When a leader first comes to power, it initializes all nextIndex values to the index just after the last one in its log. If a follower’s log is inconsistent with the leader’s, the AppendEntries consistency check will fail in the next AppendEntries RPC. After a rejection, the leader decrements nextIndex and retries the AppendEntries RPC. Eventually nextIndex will reach a point where the leader and follower logs match. When this happens, AppendEntries will succeed, which removes any conflicting entries in the follower’s log and appends entries from the leader’s log (if any). Once AppendEntries succeeds, the follower’s log is consistent with the leader’s, and it will remain that way for the rest of the term. A leader never overwrites or deletes entries in its own log

Timing and availability

broadcastTime ≪ electionTimeout ≪ MTBF

In order to avoid availability gaps, new servers join the cluster as non-voting members (the leader replicates log entries to them, but they are not considered for majorities). Once the new servers have caught up with the rest of the cluster, it can start to act as leader.

Log compaction

Creating a Snapshot with metadata like the last included index and last entry in log can help in doing the consistency checks in the AppendEntries. The leader must occasionally send snapshots to followers that lag behind.

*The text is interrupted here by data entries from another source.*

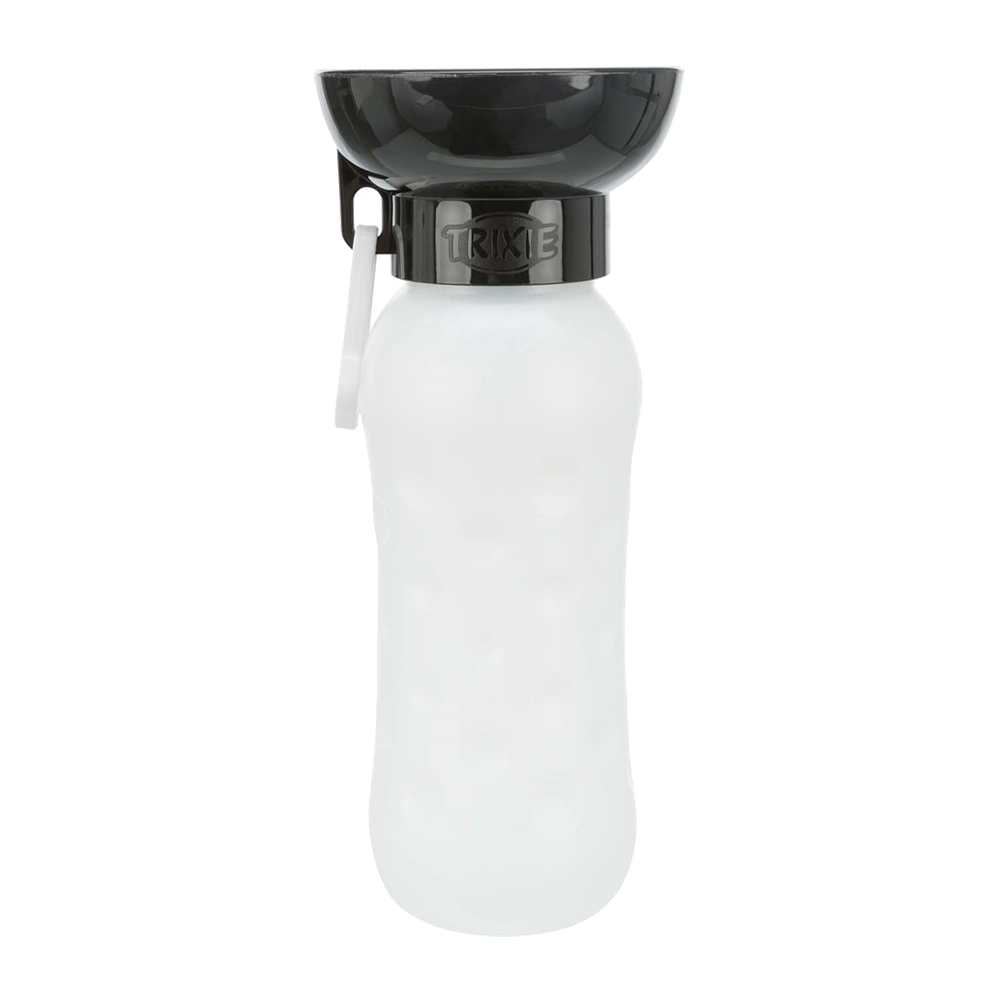 Flaske med skål, plastik, 0,55 l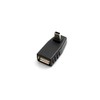SYSTEM-S USB Type A Female to Mini USB Male 90°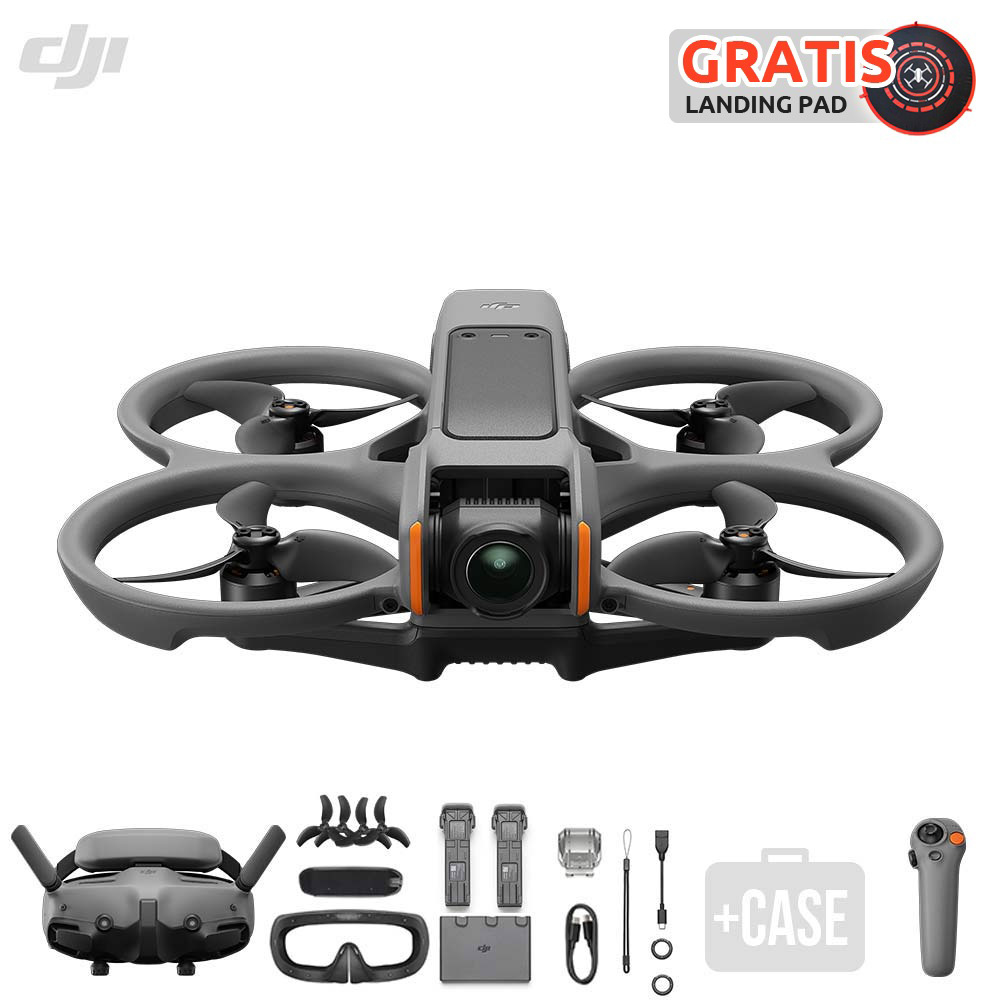 DJI Avata 2 - Fly More Combo (три батареи)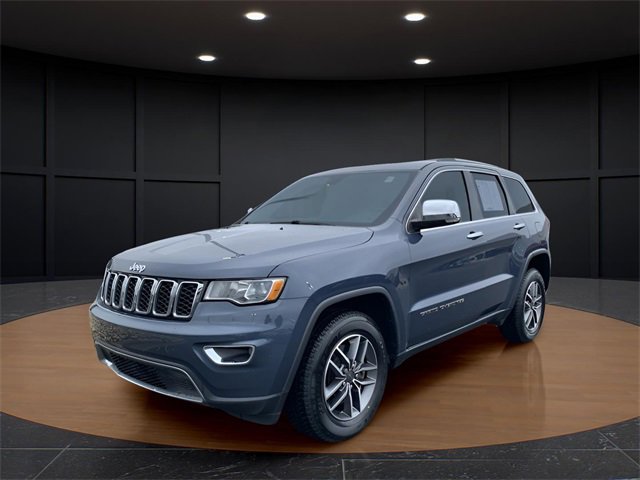 Used 2021 Jeep Grand Cherokee Limited w/ Sun & Sound Group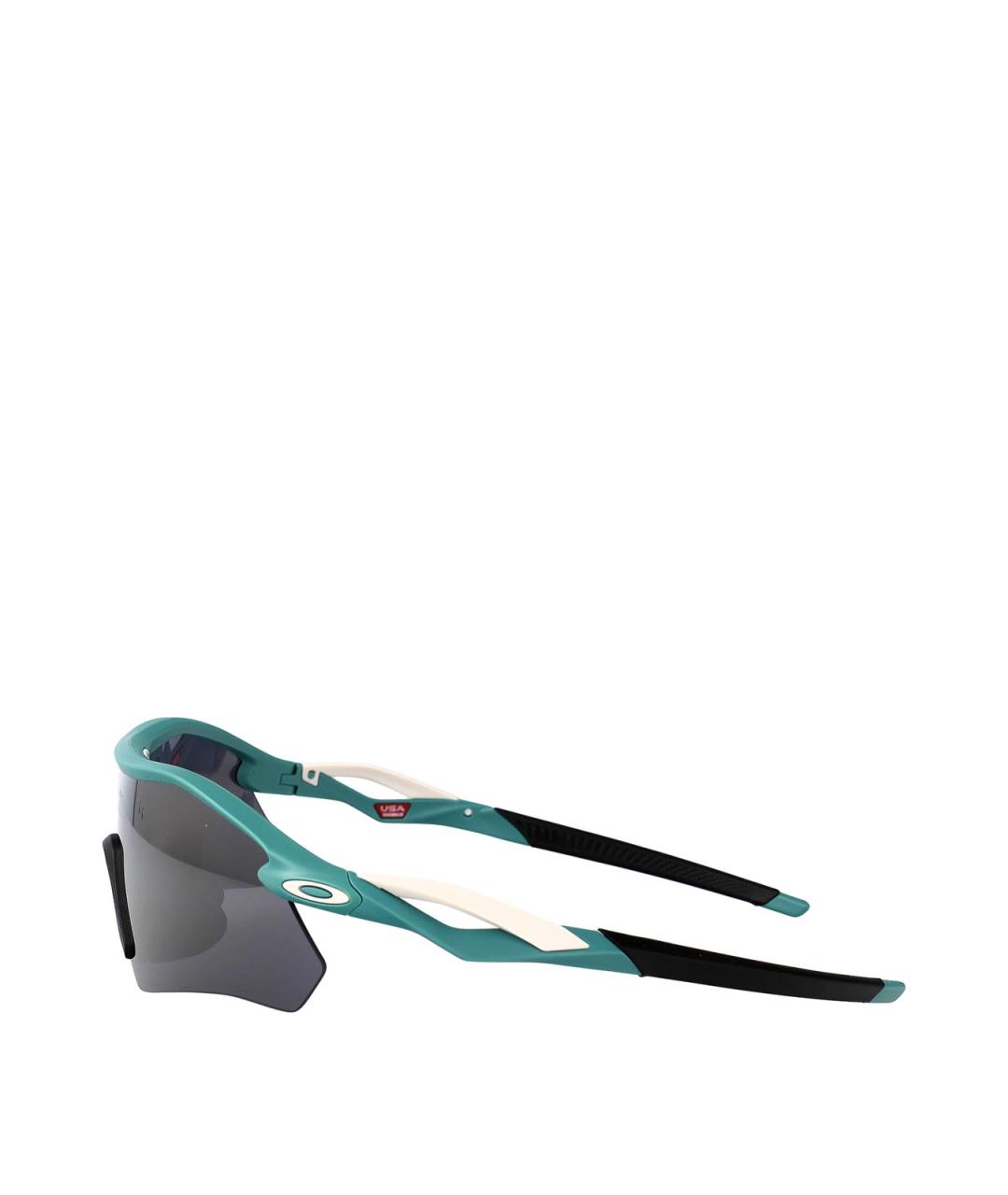 OAKLEY Синие солнцезащитные очки, фото 3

the leader would create a snapshot, then it would send this snapshot to each of its followers. However, this has two disadvantages.

One simple strategy is to take a snapshot when the log reaches a fixed size in bytes. If this size is set to be significantly larger than the expected size of a snapshot, then the disk bandwidth overhead for snapshotting will be small.

Safety

Election restriction

In any leader-based consensus algorithm, the leader must eventually store all of the committed log entries. Raft uses a simpler approach where it guarantees that all the committed entries from previous terms are present on each new leader from the moment of its election, without the need to transfer those entries to the leader. This means that log entries only flow in one direction, from leaders to followers, and leaders never overwrite existing entries in their logs. RequestVote RPC implements this restriction: the RPC includes information about the candidate’s log

Follower and candidate crashes

If a follower or candidate crashes, then future RequestVote and AppendEntries RPCs sent to it will fail. Raft handles these failures by retrying indefinitely; if the crashed server restarts, then the RPC will complete successfully. If a server crashes after completing an RPC but before responding, then it will receive the same RPC again after it restarts. Raft RPCs are idempotent, so this causes no harm.

Client interaction

Clients of Raft send all of their requests to the leader. When a client first starts up, it connects to a randomly- chosen server. If the client’s first choice is not the leader, that server will reject the client’s request and supply information about the most recent leader it has heard from (AppendEntries requests include the network address of the leader). If the leader crashes, client requests will time out; clients then try again with randomly-chosen servers.